#### What you will do:
Reproduce only the lines that begin at the line with "MINIKIT Neo 2" and run to the end of the entries; omit every picture.

[Captioned web image data]
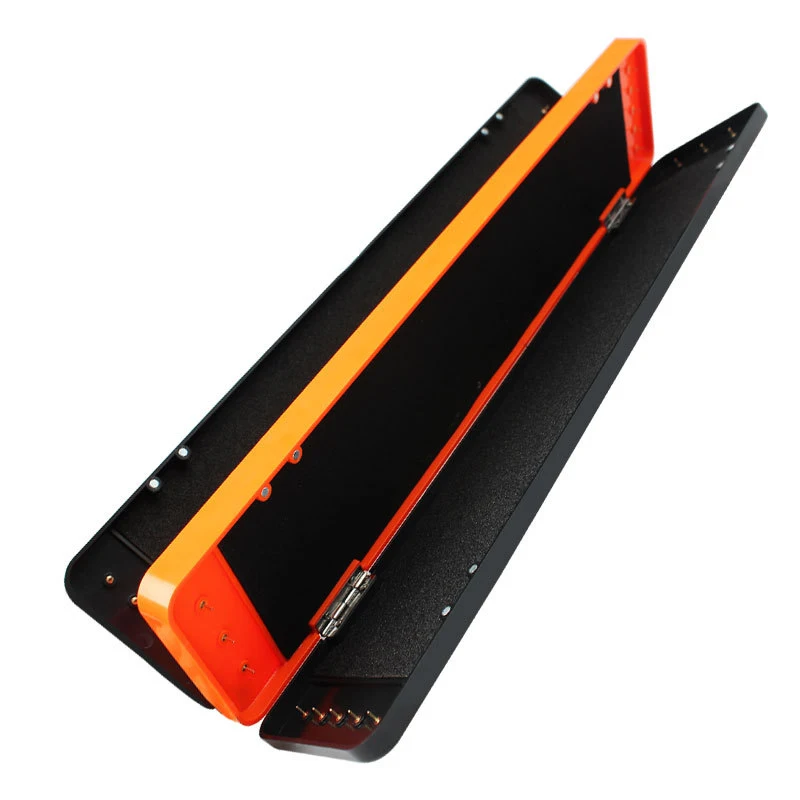 2 layer/3 layer Carp Fishing R - đánh giá và giá Fishing Hook Box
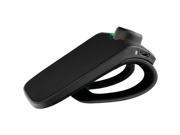 MINIKIT Neo 2 HD Hands free Kit Black By PARROT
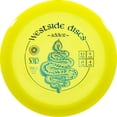 thumbnail image 1 of Westside First Run VIP Adder Distance Driver Golf Disc, 1 of 1
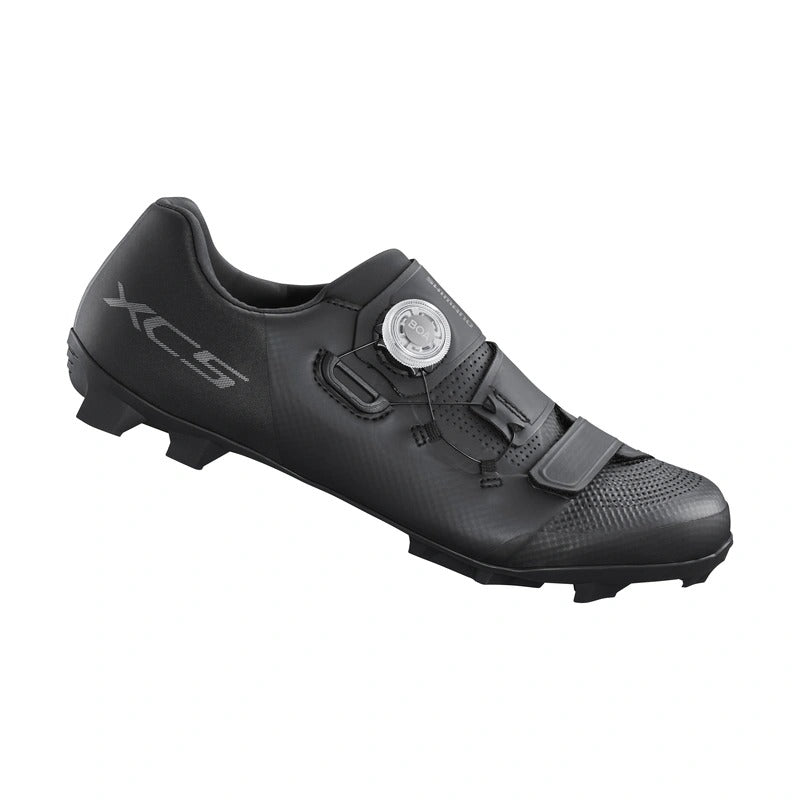 ZAPATILLA CROSS COUNTRY SH-XC502 NEGRO TALLA 43 EUR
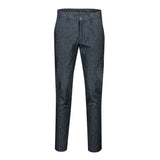 Navy Chino & Casual Pant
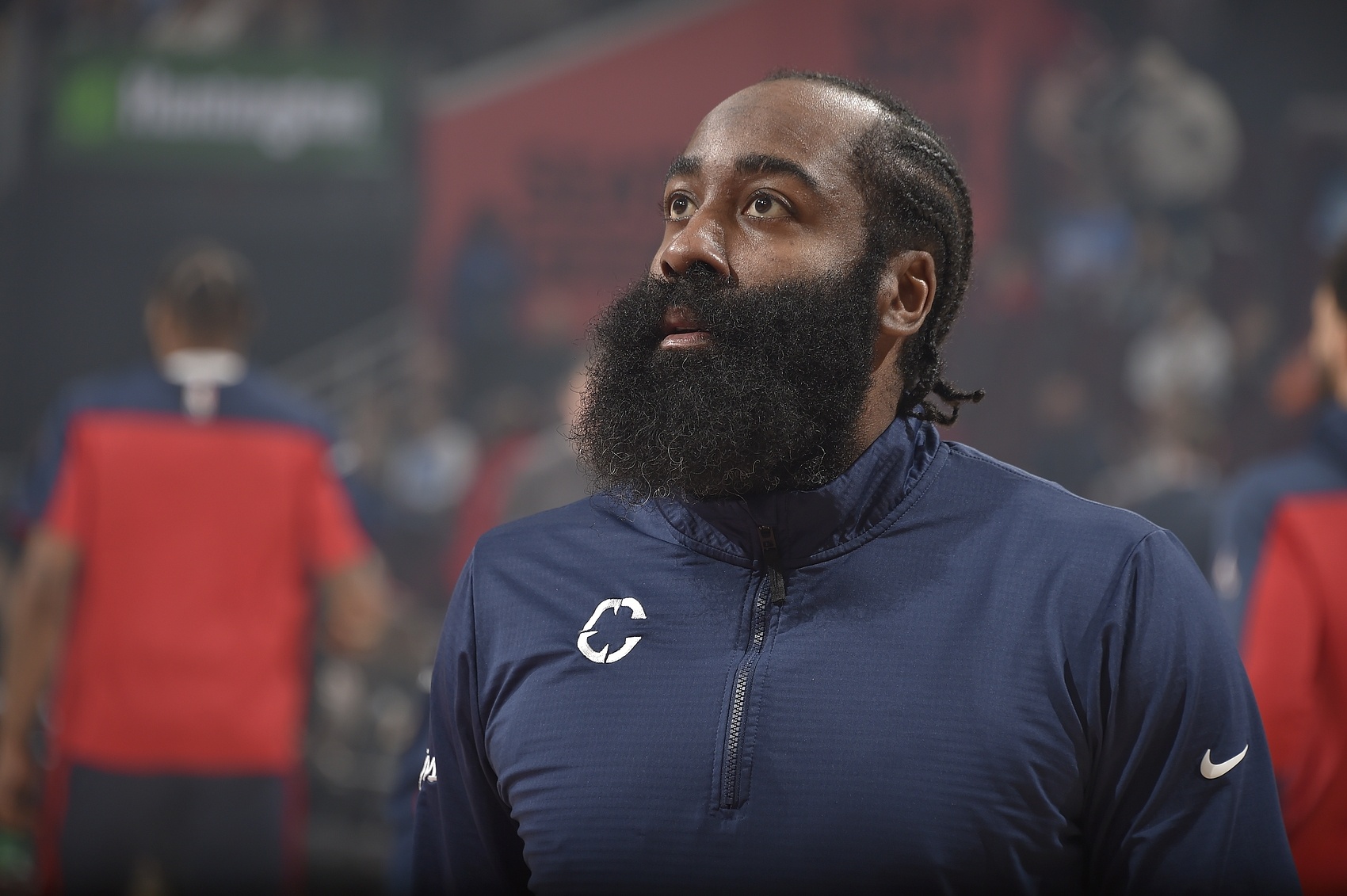  手握球員選項！名記：哈登已重返全明星 他降薪多年值得更大合同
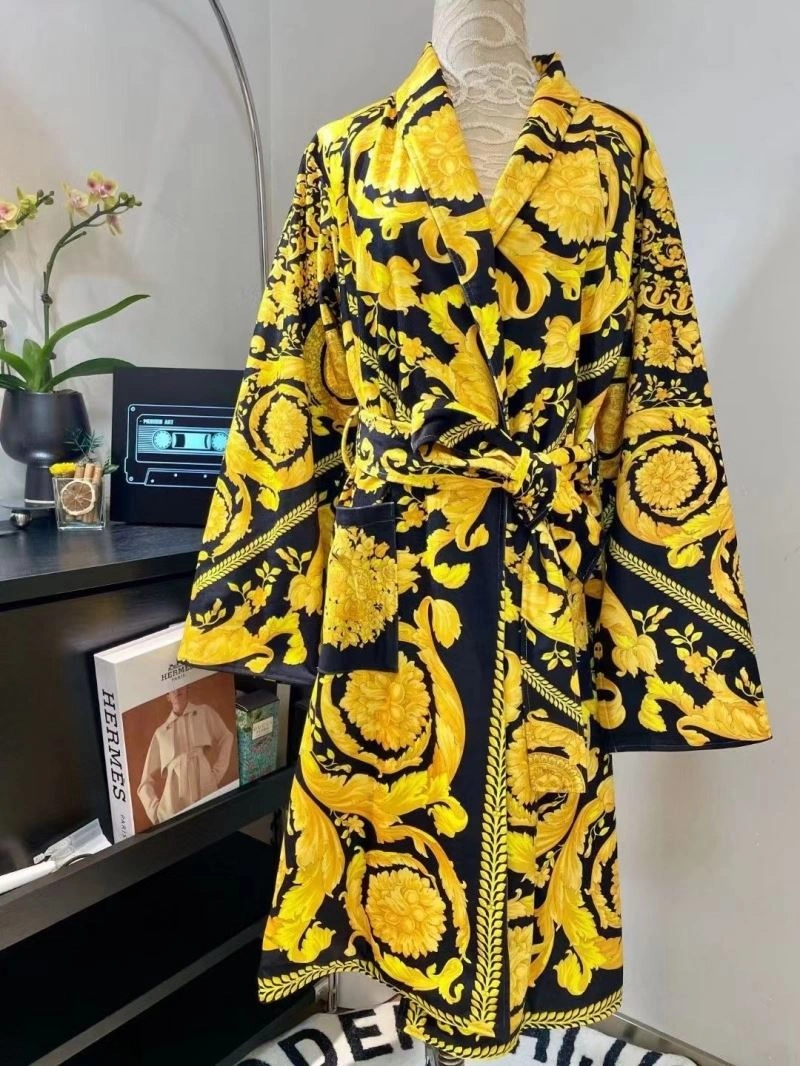 Versace Bathrobe EasyCare 255687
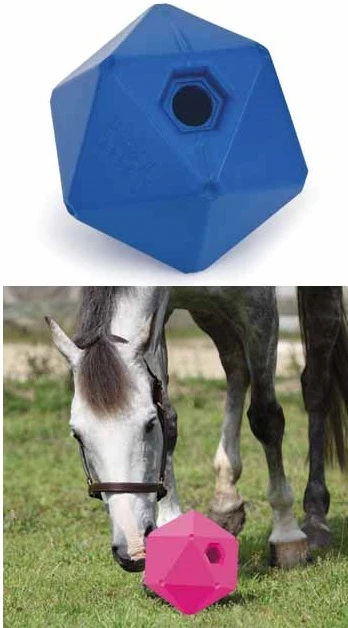 Shires Feeder Ball 2 Shires Feeder Ball - Image 2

#### Solved exercise:
 MINIKIT Neo 2 HD Hands free Kit Black By PARROT
 thumbnail image 1 of Westside First Run VIP Adder Distance Driver Golf Disc, 1 of 1
 ZAPATILLA CROSS COUNTRY SH-XC502 NEGRO TALLA 43 EUR
 Navy Chino & Casual Pant
  手握球員選項！名記：哈登已重返全明星 他降薪多年值得更大合同
 Versace Bathrobe EasyCare 255687
 Shires Feeder Ball 2 Shires Feeder Ball - Image 2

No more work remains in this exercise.